Your assignment -
Reproduce the top of the data verbatim, through and including the line that contains "Edward S. Curtis".

(Records from a data collection)
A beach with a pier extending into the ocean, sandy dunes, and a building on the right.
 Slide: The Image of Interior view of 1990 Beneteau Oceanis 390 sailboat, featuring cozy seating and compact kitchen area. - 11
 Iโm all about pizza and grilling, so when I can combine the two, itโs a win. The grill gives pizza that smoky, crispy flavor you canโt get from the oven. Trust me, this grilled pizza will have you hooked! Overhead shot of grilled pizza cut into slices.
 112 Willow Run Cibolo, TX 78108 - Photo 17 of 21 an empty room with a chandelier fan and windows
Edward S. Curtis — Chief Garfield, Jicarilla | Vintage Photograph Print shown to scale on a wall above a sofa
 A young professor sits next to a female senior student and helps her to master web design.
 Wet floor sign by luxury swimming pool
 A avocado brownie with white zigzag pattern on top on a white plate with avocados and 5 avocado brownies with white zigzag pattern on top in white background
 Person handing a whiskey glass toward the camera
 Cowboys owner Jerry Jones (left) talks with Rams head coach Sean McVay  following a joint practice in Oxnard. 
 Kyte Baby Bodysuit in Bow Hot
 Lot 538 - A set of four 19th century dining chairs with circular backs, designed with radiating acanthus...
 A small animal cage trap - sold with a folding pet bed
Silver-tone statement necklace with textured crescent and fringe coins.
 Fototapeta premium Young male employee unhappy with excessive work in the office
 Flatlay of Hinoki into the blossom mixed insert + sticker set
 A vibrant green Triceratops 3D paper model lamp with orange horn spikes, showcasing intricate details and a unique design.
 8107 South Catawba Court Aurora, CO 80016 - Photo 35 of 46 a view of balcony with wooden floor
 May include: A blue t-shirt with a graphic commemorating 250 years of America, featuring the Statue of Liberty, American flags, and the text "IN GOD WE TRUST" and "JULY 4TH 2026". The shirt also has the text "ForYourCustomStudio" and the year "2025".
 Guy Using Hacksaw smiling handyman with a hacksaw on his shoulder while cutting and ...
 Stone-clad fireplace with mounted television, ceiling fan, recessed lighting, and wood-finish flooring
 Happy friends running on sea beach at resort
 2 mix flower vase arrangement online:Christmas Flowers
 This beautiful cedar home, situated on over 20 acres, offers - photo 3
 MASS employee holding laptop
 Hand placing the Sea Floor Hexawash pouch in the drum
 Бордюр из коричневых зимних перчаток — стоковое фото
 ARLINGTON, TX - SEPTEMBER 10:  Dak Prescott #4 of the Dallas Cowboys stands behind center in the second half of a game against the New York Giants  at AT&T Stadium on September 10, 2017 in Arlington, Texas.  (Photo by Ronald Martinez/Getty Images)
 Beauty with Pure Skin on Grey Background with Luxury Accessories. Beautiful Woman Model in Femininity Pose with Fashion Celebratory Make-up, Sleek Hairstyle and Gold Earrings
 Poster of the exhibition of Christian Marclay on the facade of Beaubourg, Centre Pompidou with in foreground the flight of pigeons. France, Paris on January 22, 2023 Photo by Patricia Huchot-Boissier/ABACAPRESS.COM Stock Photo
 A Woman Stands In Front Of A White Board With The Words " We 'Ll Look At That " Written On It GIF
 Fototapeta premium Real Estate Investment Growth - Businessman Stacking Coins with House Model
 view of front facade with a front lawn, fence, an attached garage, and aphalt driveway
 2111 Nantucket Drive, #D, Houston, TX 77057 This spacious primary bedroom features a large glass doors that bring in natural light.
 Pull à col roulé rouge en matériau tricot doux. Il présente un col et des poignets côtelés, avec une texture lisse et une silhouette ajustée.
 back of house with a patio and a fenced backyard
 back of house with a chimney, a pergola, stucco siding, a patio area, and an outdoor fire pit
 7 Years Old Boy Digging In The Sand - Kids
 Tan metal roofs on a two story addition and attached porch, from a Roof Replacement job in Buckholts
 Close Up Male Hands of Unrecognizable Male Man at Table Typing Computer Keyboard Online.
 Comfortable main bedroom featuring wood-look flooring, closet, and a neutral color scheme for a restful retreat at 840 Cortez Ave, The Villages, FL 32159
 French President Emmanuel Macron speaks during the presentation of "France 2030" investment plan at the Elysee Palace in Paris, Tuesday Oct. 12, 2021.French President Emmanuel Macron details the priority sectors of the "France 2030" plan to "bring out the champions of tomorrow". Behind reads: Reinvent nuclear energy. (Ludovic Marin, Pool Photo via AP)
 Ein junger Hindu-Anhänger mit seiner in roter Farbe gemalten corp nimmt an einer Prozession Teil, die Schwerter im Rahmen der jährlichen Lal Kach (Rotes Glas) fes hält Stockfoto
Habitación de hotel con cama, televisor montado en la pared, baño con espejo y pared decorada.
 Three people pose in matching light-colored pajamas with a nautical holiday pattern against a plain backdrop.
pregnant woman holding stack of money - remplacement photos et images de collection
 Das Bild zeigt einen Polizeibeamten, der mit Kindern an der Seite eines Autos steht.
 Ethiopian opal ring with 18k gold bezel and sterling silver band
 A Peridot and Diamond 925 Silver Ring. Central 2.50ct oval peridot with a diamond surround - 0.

Reply to the task -
A beach with a pier extending into the ocean, sandy dunes, and a building on the right.
 Slide: The Image of Interior view of 1990 Beneteau Oceanis 390 sailboat, featuring cozy seating and compact kitchen area. - 11
 Iโm all about pizza and grilling, so when I can combine the two, itโs a win. The grill gives pizza that smoky, crispy flavor you canโt get from the oven. Trust me, this grilled pizza will have you hooked! Overhead shot of grilled pizza cut into slices.
 112 Willow Run Cibolo, TX 78108 - Photo 17 of 21 an empty room with a chandelier fan and windows
Edward S. Curtis — Chief Garfield, Jicarilla | Vintage Photograph Print shown to scale on a wall above a sofa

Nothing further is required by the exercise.